Binding Pose Metadynamics

A metadynamics-composition score (10) was calculated with the binding pose metadynamics tool in the Schrödinger 2017-4 suite, (23) for compounds and poses derived from structure-based docking. The top 100 compounds for RET (PDB 2IVU) and AURKA (PDB 2BMC) were selected, based on best docking scores. The protein structures were prepared for metadynamics simulations by capping the termini and the run time of each simulation was set at 10 ns. The resulting metadynamics-composition scores were added to the existing docking scores to rerank the top 100 compounds in the benchmark set and to rerank the top 100 compounds in the screening set.

Ensemble Scoring in Structure-Based Modeling

For every target, protein models for virtual screening were selected based on ensemble scoring of docking and SPLIF scores. The combination, or ensemble, of protein models that resulted in the best actives enrichment was used in virtual screening.

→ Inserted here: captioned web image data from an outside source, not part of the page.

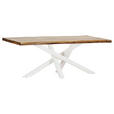 TISCHPLATTE      - Naturfarben, Design, Holz (200/100/5cm) - Landscape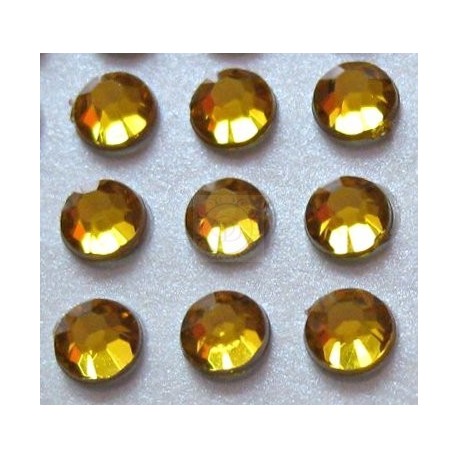 176 St. Selbstklebende Schmucksteine - Runde 4 mm (gold)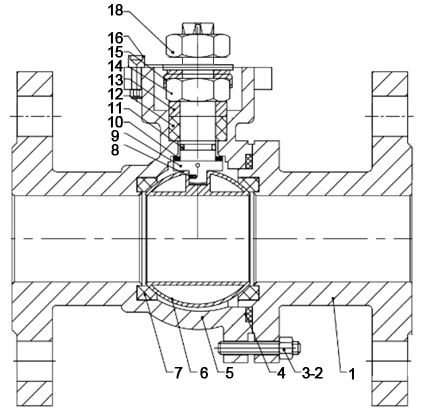 Кран шаровой DN.ru BV3232P(2pc)-FP-F-ISO-H Ду80 Ру16 корпус - сталь 316, уплотнение - PTFE, полнопроходной, фланцевый, с электроприводом DN.ru QT-N-008EM-O1-24VDC-У1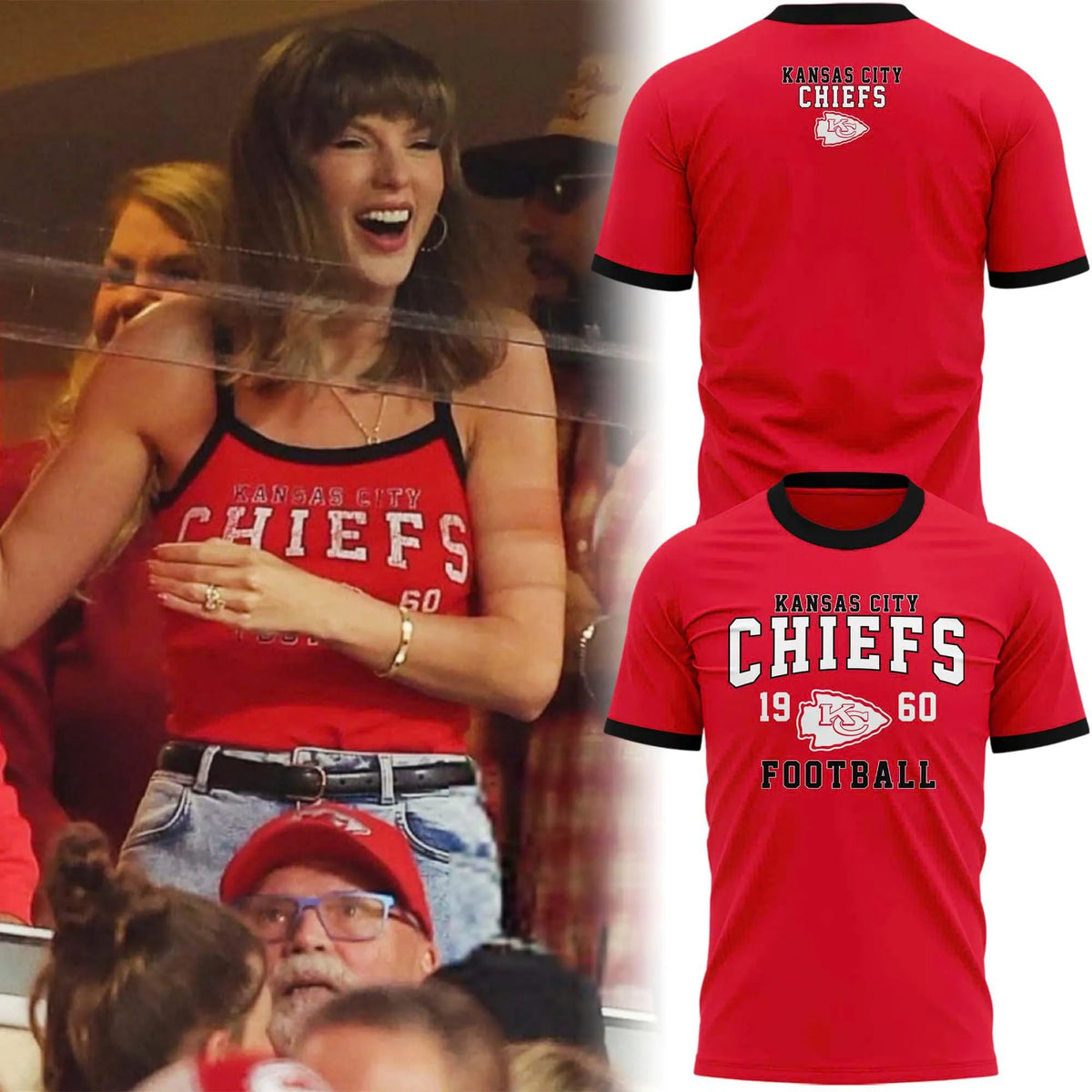 Limited Edition Taylor Swift x Kansas City Chiefs T-shirt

The validated ensembles were based on docking scores of the top five enriching models and all five SPLIF models per target. Different ensembles were tested for each target including: docking scores only, SPLIF scores only, and docking and SPLIF scores combined. The performances of the ensembles were evaluated using Z2-scoring by averaging over the top two Z-scores. (47) Prior to ensembling, the Z-scores per compound were normalized toward the actives from the respective benchmark set. Docking scores were normalized to Z-scores by subtracting the mean docking score (mean over docking scores from all actives in the benchmark set) from the docking score of the test compound, and subsequently dividing by the standard deviation of the (benchmark) actives’ docking scores. The same approach was used in normalization of SPLIF scores to Z-scores. However, the SPLIF scores were first multiplied by −1 to change the vector into the same direction as the docking scores (better binder, more negative score).

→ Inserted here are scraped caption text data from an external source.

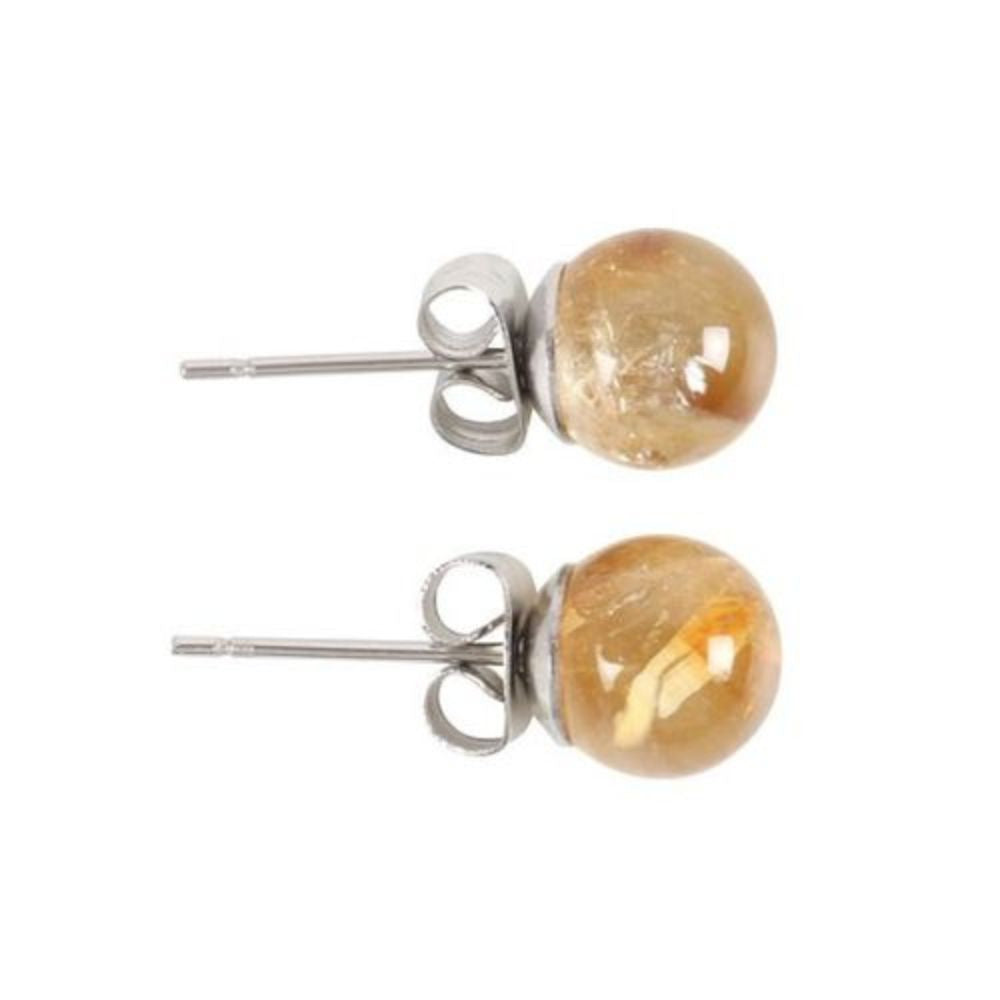 Semi Precious Crystal Earrings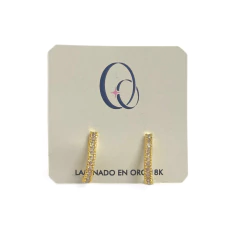 Aro Laminado en Oro Tipo Argolla con Piedra Nº2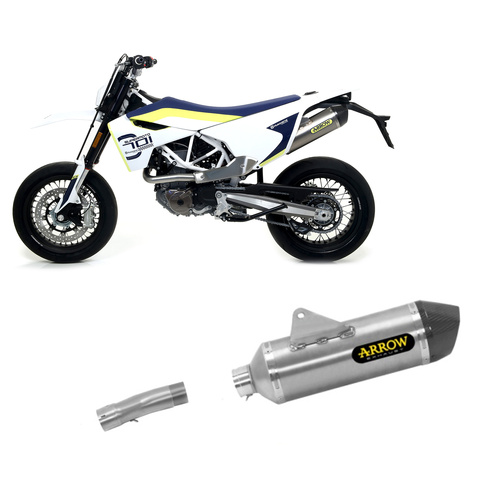 Arrow Exhaust - Husqvarna 701 Supermoto 2021 > 2024 Exhaust Muffler + Link Pipe Nokat Race-tech Titanium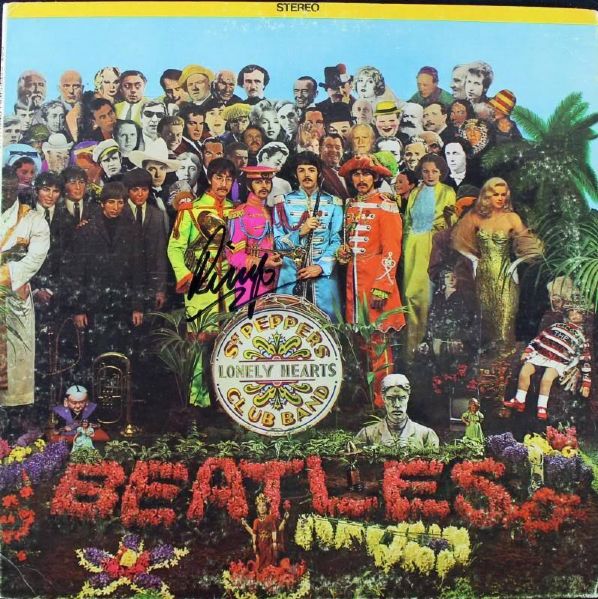 The Beatles: Ringo Starr Signed "Sgt Peppers" Record Album (PSA/DNA)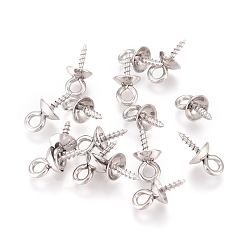 Нержавеющая Сталь Цвет 201 подвески из нержавеющей стали, для полузасушливых бусин, цвет нержавеющей стали, 10x5 мм, отверстие : 2 мм, контактный: 1.2 mm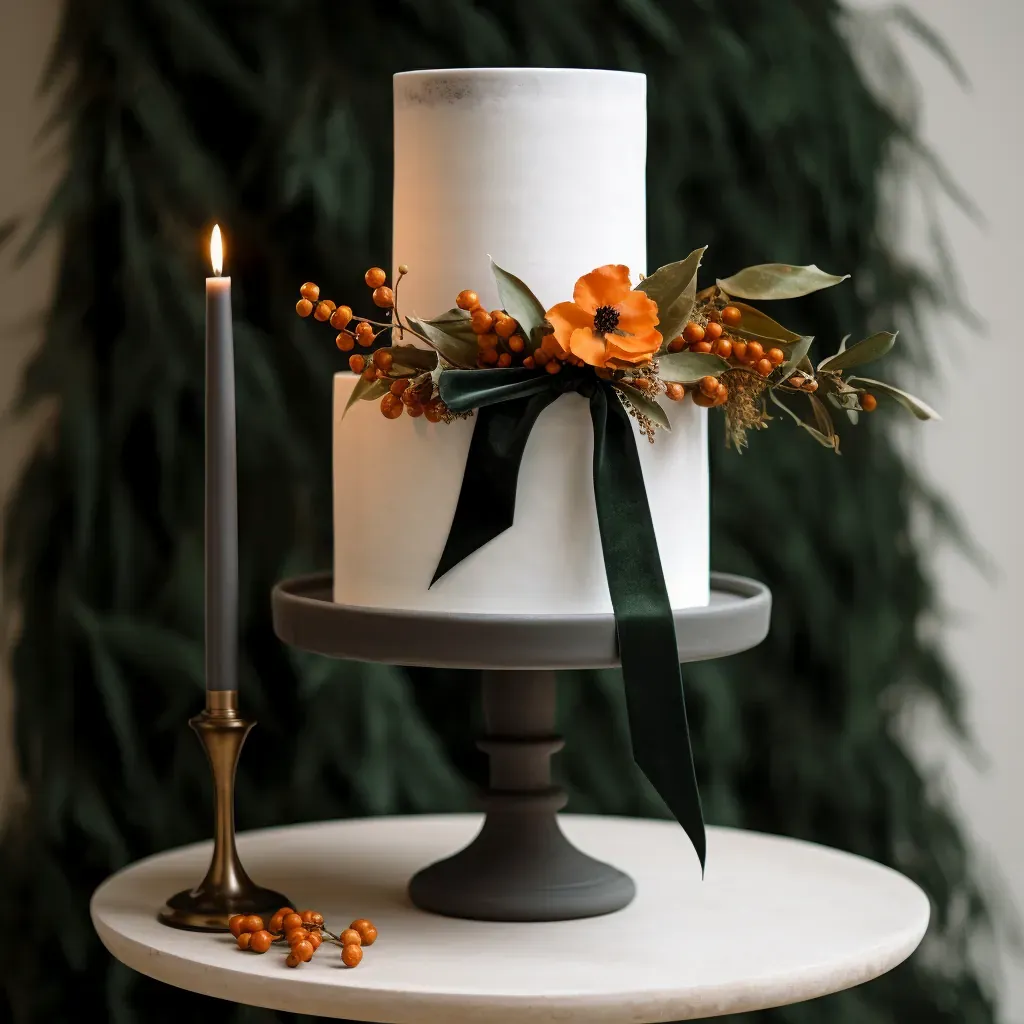 Modern & Minimal Wedding Cake cake 1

Compound Ranking Per Target

The compounds in virtual screening were ranked for ensembles of targets based on the scores derived from PCM modeling and structure-based ensemble score. The PCM predictions were given a confidence weight between 0 and 1 based on the prediction performance per target (with 0 being no confidence and 1 being highest confidence). The confidence score for the PCM model could be calculated using the following equation:
The PCM confidence score was based on the number of compounds (of the corresponding target) in training and the ROC score derived from 4-fold cross-validation: ROC * 2 – 1 (to normalize that 0.5 corresponds with a weight of 0 and 1 corresponds with a weight of 1), multiplied by the weight based on the number of samples for the target in the training data (calculated as sqrt(number of samples)/sqrt(maximum number of samples).
The weights of the structure-based predictions were calculated by taking the total sum of ROC and BEDROC per target, (48) consequently giving the structure-based predictions more weight than the statistical PCM model predictions. However, structure-based models were penalized (by multiplying with 0.5) when induced-fit models were created for the kinase. Moreover, kinases containing less than 100 actives in the benchmark set were penalized by multiplying the structure-based weight with the fraction of number of actives (with a fraction of 1 being 100 actives, and a fraction of 0.1 being 10 actives).
Finally, the obtained weights for PCM and structure-based models were applied in calculating the compound rank per kinase.
Compound predictions were multiplied by the subtotal weights and summed up (statistical model weight * statistical PCM prediction + structure-based model weight * structure-based Z2 score), resulting in a final compound rank per target.

Protein Kinase Assay

A selection of 46 compounds was experimentally validated for inhibitory activity against RET. The compounds were ordered via Mcule Inc. (49) (Budapest) and purchased from ChemBridge, ChemDiv, ChemScene, Enamine, Life Chemicals, and Vitas M Chemical Limited. The assays were performed by ProQinase GmbH, (50) Germany. First, the compounds were tested (n = 1) at final assay concentrations 10 and 0.1 μM. The five resulting hits (<60% remaining RET activity at concentration 10 μM) were re-evaluated by determination of IC50 values (n = 3). RET WT activity was measured using a radiometric protein kinase assay (33PanQinase Activity Assay). All kinase assays were performed in 96-well FlashPlates from PerkinElmer (Boston, MA, USA) in a 50 mL reaction volume. The reaction cocktail was pipetted in 4 steps in the following order: (1) 20 mL of assay buffer, (2) 5 mL of ATP solution (in H2O), (3) 5 mL of test compound (in 10% DMSO), and (4) 20 μL enzyme/substrate mix. The assay for all protein kinases contained 70 mM HEPES–NaOH pH 7.5, 3 mM MgCl2, 3 mM MnCl2, 3 mM Na-orthovanadate, 1.2 mM DTT, 50 μg/mL PEG20000, 1 μM ATP, [γ-33P]-ATP (approximately 1.91 × 1005 cpm per well), 40 ng/50 μL of protein kinase, and 0.125 μg/50 μL of poly(Glu, Tyr)4:1 substrate. The reaction cocktails were incubated at 30 °C for 60 min. The reaction was stopped with 50 mL of 2% (v/v) H3PO4; the plates were aspirated and washed two times with 200 mL 0.9% (w/v) NaCl. Incorporation of 33Pi was determined with a microplate scintillation counter (Microbeta, Wallac).

Supporting Information

ARTICLE SECTIONS
Jump To

The Supporting Information is available free of charge at https://pubs.acs.org/doi/10.1021/acs.jcim.9b01204.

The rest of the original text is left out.